Bei Indoor-Sportarten war die Watch dafür aber wider Erwarten ein klasse Trainingspartner: Wer Wear OS beziehungsweise Google Fit kennt, der weiß vielleicht, dass die Software beim Krafttraining sogar gängige Übungen wie Kreuzheben oder Klimmzüge erkennt und die Wiederholungen automatisch zählt. Das hat im Test mit kleinen Verfehlungen super funktioniert. So kann ich meine Fortschritte prima verfolgen und habe einen realistischen Überblick über die Belastung und verbrannten Kalorien. Google Fit unterstützt unzählige Sportarten, selbst weniger populäre. Außerdem ist die Venture HR wasserdicht und zeichnet mit der passenden App Schwimmtrainings auf – allerdings ohne die Herzfrequenz, weil das unter Wasser ohne Brustgurt technisch bisher schwierig ist.
Fehlanzeige: zur Regeneration gehört an sich auch das Schlaf-Tracking
Was mir persönlich fehlt, ist die sinnvolle Auswertung der gesammelten Fitnessdaten: Leider bleibt die App für ambitionierte Sportler zu oberflächlich. Detaillierte Verlaufs-Diagramme oder die Entwicklung des Fitnesslevels, wie man es von Sportuhrenherstellern wie Garmin oder Polar kennt, wird man hier vermissen. Ehrlicherweise muss man aber sagen: Selbst die Apple Watch bietet derzeit für mein Empfinden noch keine adäquate Sportauswertung an – es sein denn, man nutzt beispielsweise spezielle Lauf-Apps auf der Uhr. Eine weitere Voraussetzung für eine detaillierte Trainingsanalyse ist natürlich ein zuverlässiges GPS.

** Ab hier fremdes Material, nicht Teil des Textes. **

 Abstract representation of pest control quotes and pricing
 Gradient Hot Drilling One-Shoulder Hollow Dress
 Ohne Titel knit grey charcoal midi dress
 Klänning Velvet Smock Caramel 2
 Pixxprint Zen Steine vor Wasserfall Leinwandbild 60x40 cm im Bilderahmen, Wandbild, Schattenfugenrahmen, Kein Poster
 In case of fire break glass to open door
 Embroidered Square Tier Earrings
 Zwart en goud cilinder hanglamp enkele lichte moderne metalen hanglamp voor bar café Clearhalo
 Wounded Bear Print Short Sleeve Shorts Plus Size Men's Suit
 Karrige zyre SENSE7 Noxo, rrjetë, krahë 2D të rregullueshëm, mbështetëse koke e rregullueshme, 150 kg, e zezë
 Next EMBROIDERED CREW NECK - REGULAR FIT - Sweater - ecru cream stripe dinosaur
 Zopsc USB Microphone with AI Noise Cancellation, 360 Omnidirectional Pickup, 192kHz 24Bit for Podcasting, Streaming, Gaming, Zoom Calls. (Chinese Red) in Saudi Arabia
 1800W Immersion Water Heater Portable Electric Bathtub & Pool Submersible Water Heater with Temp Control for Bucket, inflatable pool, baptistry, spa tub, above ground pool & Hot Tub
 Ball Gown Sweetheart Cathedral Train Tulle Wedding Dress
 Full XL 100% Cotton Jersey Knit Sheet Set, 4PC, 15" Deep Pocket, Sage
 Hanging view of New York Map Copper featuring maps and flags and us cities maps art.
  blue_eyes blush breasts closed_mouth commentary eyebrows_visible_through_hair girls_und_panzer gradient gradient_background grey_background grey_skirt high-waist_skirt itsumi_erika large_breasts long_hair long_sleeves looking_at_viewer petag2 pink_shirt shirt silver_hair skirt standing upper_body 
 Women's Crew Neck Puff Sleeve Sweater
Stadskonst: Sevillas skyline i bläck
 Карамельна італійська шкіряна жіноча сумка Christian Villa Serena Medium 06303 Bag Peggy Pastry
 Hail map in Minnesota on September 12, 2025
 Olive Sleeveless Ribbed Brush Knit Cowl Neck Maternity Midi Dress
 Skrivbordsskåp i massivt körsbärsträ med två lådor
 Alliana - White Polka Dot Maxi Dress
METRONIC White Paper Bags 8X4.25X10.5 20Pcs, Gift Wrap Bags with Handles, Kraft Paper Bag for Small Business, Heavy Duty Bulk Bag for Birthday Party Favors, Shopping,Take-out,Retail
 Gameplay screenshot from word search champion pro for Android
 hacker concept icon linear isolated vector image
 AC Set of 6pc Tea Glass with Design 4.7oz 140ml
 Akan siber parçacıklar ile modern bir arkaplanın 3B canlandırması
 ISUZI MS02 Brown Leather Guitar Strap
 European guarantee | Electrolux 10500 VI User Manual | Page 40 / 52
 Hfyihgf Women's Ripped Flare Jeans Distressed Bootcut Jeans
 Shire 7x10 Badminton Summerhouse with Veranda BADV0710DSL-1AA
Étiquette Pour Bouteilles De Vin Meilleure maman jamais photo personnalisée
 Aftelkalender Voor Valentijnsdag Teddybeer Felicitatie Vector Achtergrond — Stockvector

Im Alltag dient die Venture HR als ganz normaler Activity Tracker. Die Betonung liegt hier auf Aktivitäten: Sie zeichnet Schritte, Strecken und Kalorien auf, nicht aber Schlafphasen. Das ist sehr sehr schade, weil die Regeneration zum Trainingserfolg einfach dazu gehört. Bisher habe ich auch keine passende App für die Uhr gefunden, die dieses Manko ausbügeln könnte.
Die Fossil Venture HR als Smartwatch im Alltag
Tagsüber ist die Uhr dafür wieder Gold wert: Mit der Venture HR bekommt man, wie es sich für eine waschechte Smartwatch gehört, nicht nur Smart-Notifications über Anrufe, Nachrichten, Mails, Termine und App-Benachrichtigungen, sondern hat auch die Möglichkeit, direkt über das Handgelenk zu antworten. Das funktioniert sogar erstaunlich gut – sowohl über Emojis und gespeicherte Schnellantworten, als auch über eine kleine Tastatur oder die Sprachsteuerung. Die Uhr ist mit einem Mikrofon ausgestattet, so dass man auch Google Assistant auf den Plan rufen oder sonstige Smartphone-Befehle abgeben kann.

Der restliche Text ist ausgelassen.